▶ _HOW TO COMPLETE THIS TASK_
All of the entries are to be repeated exactly, with no pictures included.

━━━━

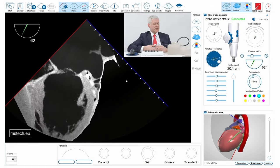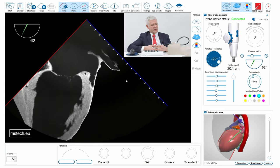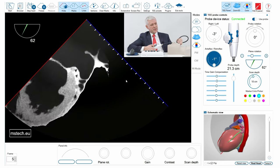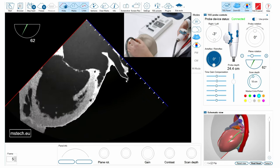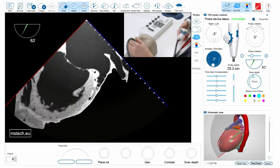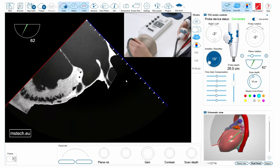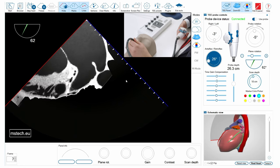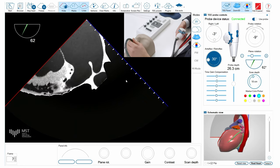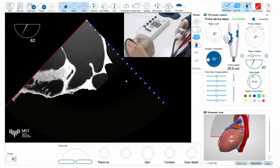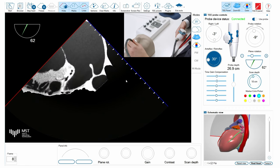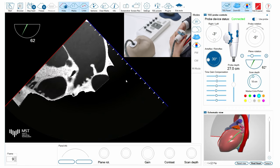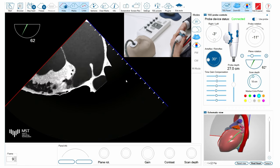So it's important to understand that in order to scan it properly we have to insert the probe deeper, closer to the transgastric views, and then change the angle of the tip of the device and position the left atrial appendage in the center of the screen.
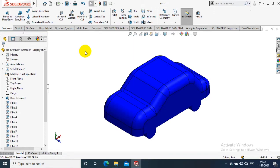Assalamu alaikum friends. In this video we're going to discuss how to save a SOLIDWORKS part file into STL file format for 3D printing.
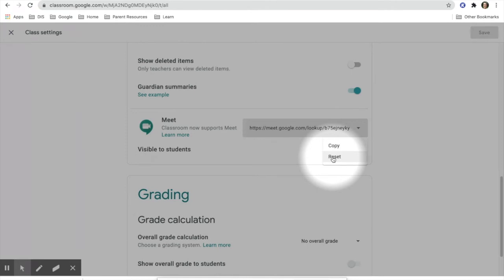Sometimes when we use something so much, it can get tied up in the cache on our computers, but we don't want to clear all of our history. This reset button will allow you to reset the link for your Google Meet without disturbing what other students see on their end. If you have any issues with Google Meet acting up, this may be one of the solutions you will use.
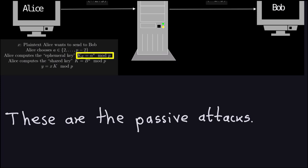The key takeaway from these videos is that the security of ElGamal, at least from the perspective of passive attacks, depends on the hardness of computing discrete logarithms. If an efficient discrete log algorithm were found, ElGamal encryption would need to be reconsidered. In the next video, we'll discuss active attacks, where Eve wants to either change the message or make Alice believe she is Bob.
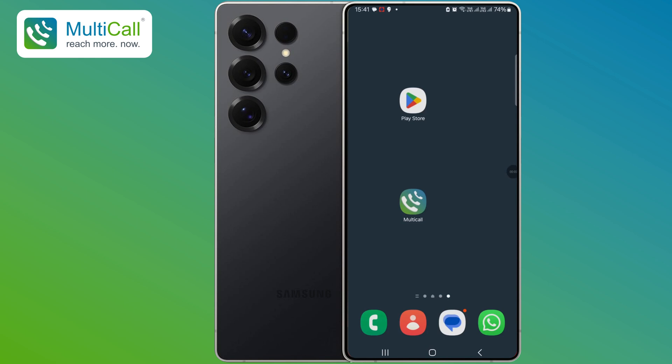Good evening, everyone. Today, I'll be demonstrating the key feature of the Multicall app, the Call Now function.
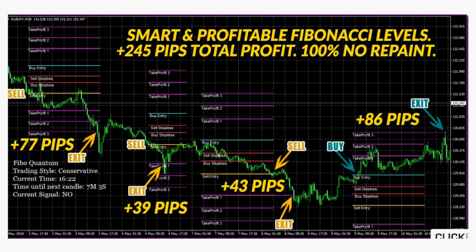This is important: levels never repaint. If you get a new set of levels, you can be confident with them. The indicator will not change its mind and reposition the levels.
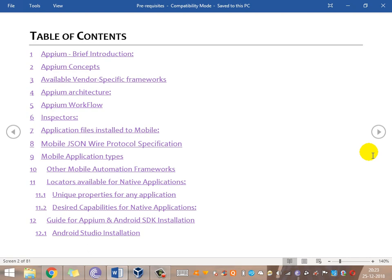We'll look at what happens during the entire Appium workflow, and then the various inspectors available for inspecting web elements on the application. We'll also cover what application-specific files need to be pushed or installed to the mobile device, basic requirements, and the Mobile JSON Wire Protocol specification - since Appium is also based on the JSON Wire Protocol specification.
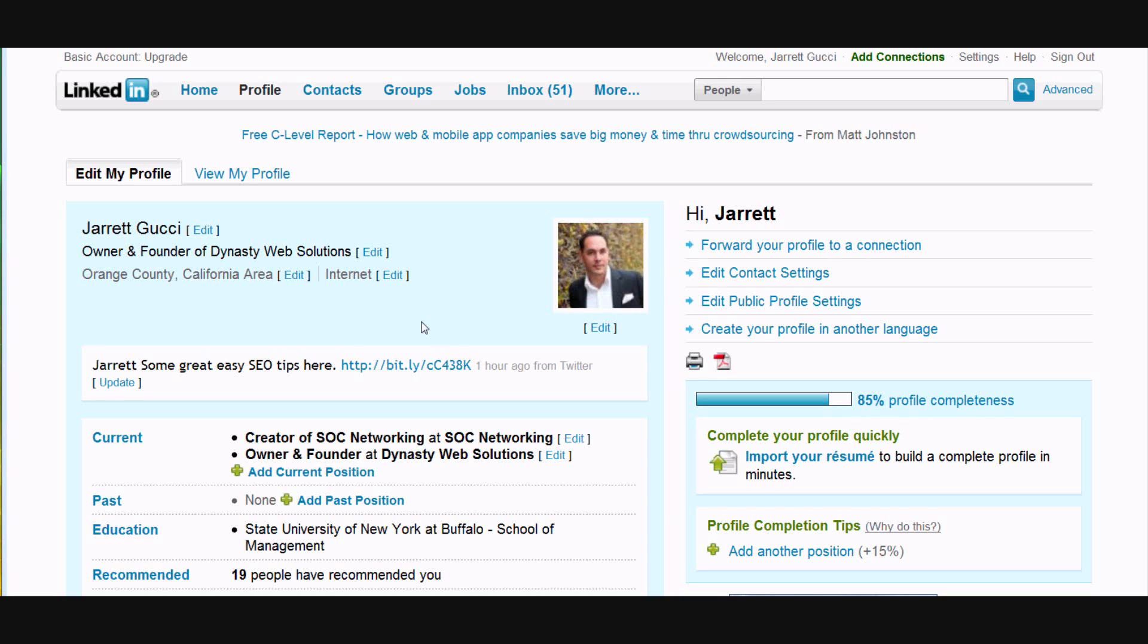Hello and welcome to Simple Tips video style. Today we're going to be talking about the very powerful application inside of LinkedIn called Answers.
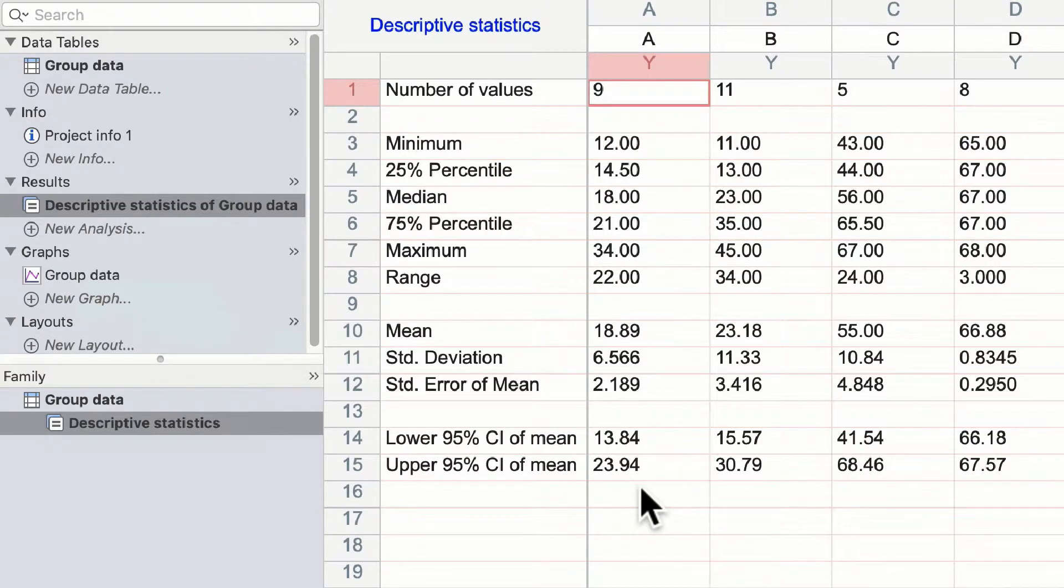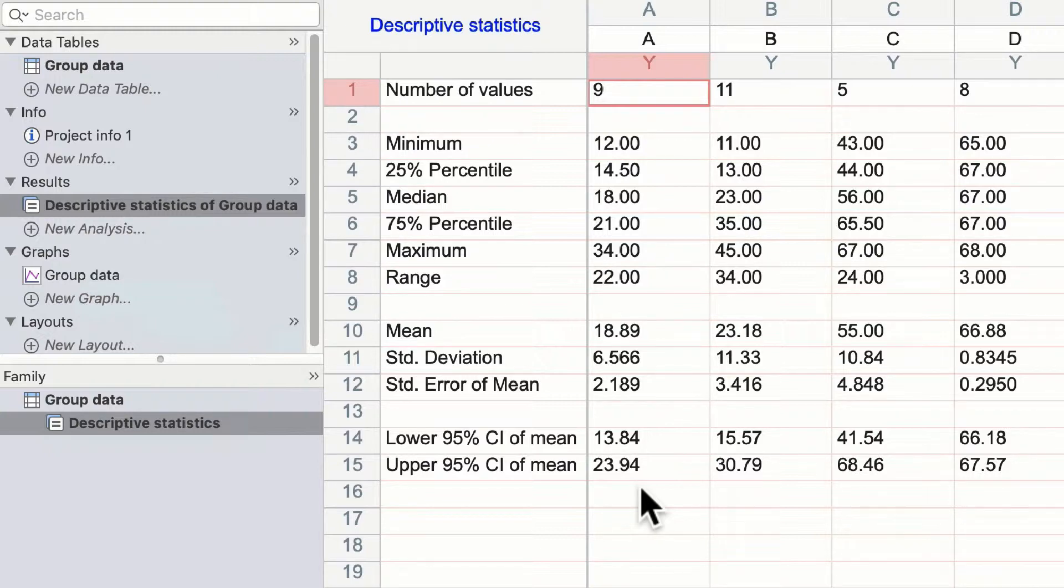You can see our n number in the top row and then our minimum, percentiles, median, maximum, range, etc., down each column.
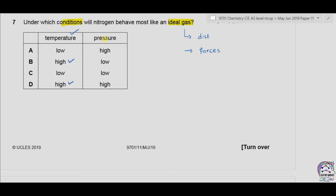For pressure, at higher pressure the molecules come close together and therefore intermolecular forces are developed. But in ideal gas there are no forces of attraction. So the pressure must be very low. Therefore, at high temperature and low pressure, the gas will behave like an ideal gas. The answer is therefore B.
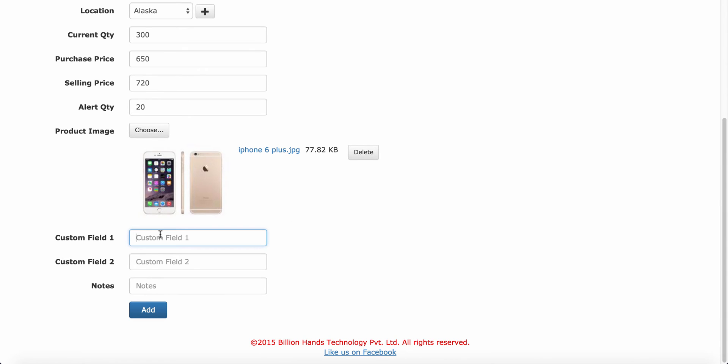In custom field, you can store other relevant information like product color, product size, product weight.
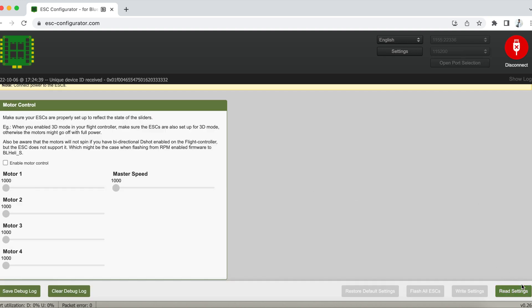Alright, so once that is done, click Connect and then plug in your LiPo and click Read Setup.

━━━━

▶ _SOLUTION_
So it's important to understand that in order to scan it properly we have to insert the probe deeper, closer to the transgastric views, and then change the angle of the tip of the device and position the left atrial appendage in the center of the screen.
Assalamu alaikum friends. In this video we're going to discuss how to save a SOLIDWORKS part file into STL file format for 3D printing.
Sometimes when we use something so much, it can get tied up in the cache on our computers, but we don't want to clear all of our history. This reset button will allow you to reset the link for your Google Meet without disturbing what other students see on their end. If you have any issues with Google Meet acting up, this may be one of the solutions you will use.
The key takeaway from these videos is that the security of ElGamal, at least from the perspective of passive attacks, depends on the hardness of computing discrete logarithms. If an efficient discrete log algorithm were found, ElGamal encryption would need to be reconsidered. In the next video, we'll discuss active attacks, where Eve wants to either change the message or make Alice believe she is Bob.
Good evening, everyone. Today, I'll be demonstrating the key feature of the Multicall app, the Call Now function.
This is important: levels never repaint. If you get a new set of levels, you can be confident with them. The indicator will not change its mind and reposition the levels.
We'll look at what happens during the entire Appium workflow, and then the various inspectors available for inspecting web elements on the application. We'll also cover what application-specific files need to be pushed or installed to the mobile device, basic requirements, and the Mobile JSON Wire Protocol specification - since Appium is also based on the JSON Wire Protocol specification.
Hello and welcome to Simple Tips video style. Today we're going to be talking about the very powerful application inside of LinkedIn called Answers.
You can see our n number in the top row and then our minimum, percentiles, median, maximum, range, etc., down each column.
For pressure, at higher pressure the molecules come close together and therefore intermolecular forces are developed. But in ideal gas there are no forces of attraction. So the pressure must be very low. Therefore, at high temperature and low pressure, the gas will behave like an ideal gas. The answer is therefore B.
In custom field, you can store other relevant information like product color, product size, product weight.
Alright, so once that is done, click Connect and then plug in your LiPo and click Read Setup.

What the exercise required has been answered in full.